Nguyen, who teaches English and American studies and ethnicity at the University of Southern California, describes himself as ‘‘born in Vietnam, but made in America’’. “I count myself among those Vietnamese dismayed by America’s deeds but tempted to believe in its words.’’

What he strives for is an ‘‘ethical work of just memory’’, wherein an ethic of remembering others, ‘‘the distant and the demonised’’, the one-time enemy, can transform ‘‘the more conventional ethics of remembering one’s own’’. He wants to fight — in a path he evidently had to clear to allow for his emergence as a novelist — ‘‘for the imagination, not for the nation’’.

In his professional capacity, and through an unswerving empathy, he is aware of how each ‘‘racially defined ethnic group in the US gets its own notable history’’. For blacks this is slavery and the plantation, for Latinos, barrios and the border, while ‘‘Vietnamese Americans get the war’’. Dealing with this burden was the task not only of Nothing Ever Dies, but of the novel that preceded it, and for which it prepared, and now for a new volume of short stories, The Refugees.

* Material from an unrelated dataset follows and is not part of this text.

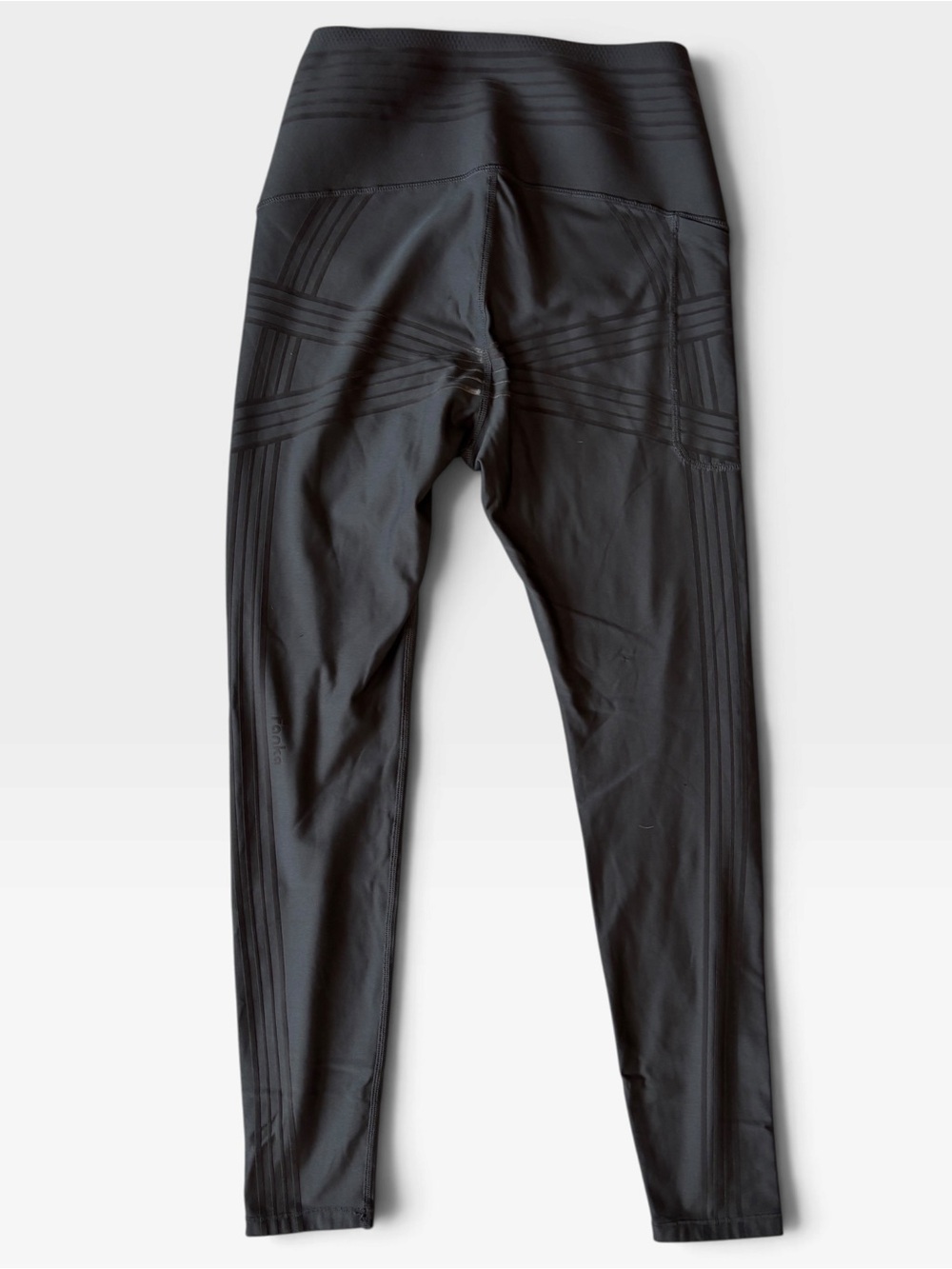 Fanka Gray Body Sculpt Side Pocket Leggings High Rise Geometric Compression - Picture 3 of 11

The Sympathizer is among the finest novels of the war, along with Tim O’Brien’s Going After Cacciato (1978), Gustav Hasford’s The Short-Timers (1979; filmed by Stanley Kubrick as Full Metal Jacket), Stephen Wright’s Meditations in Green (1983) and, from the other side, Bao Ninh’s The Sorrow of War (1994). Ninh was one of 10 survivors in the 500-strong Glorious 27th Youth Brigade. And, of course, there is Graham Greene’s seminally anti-American novel, still hawked in the streets of Saigon, The Quiet American (1955).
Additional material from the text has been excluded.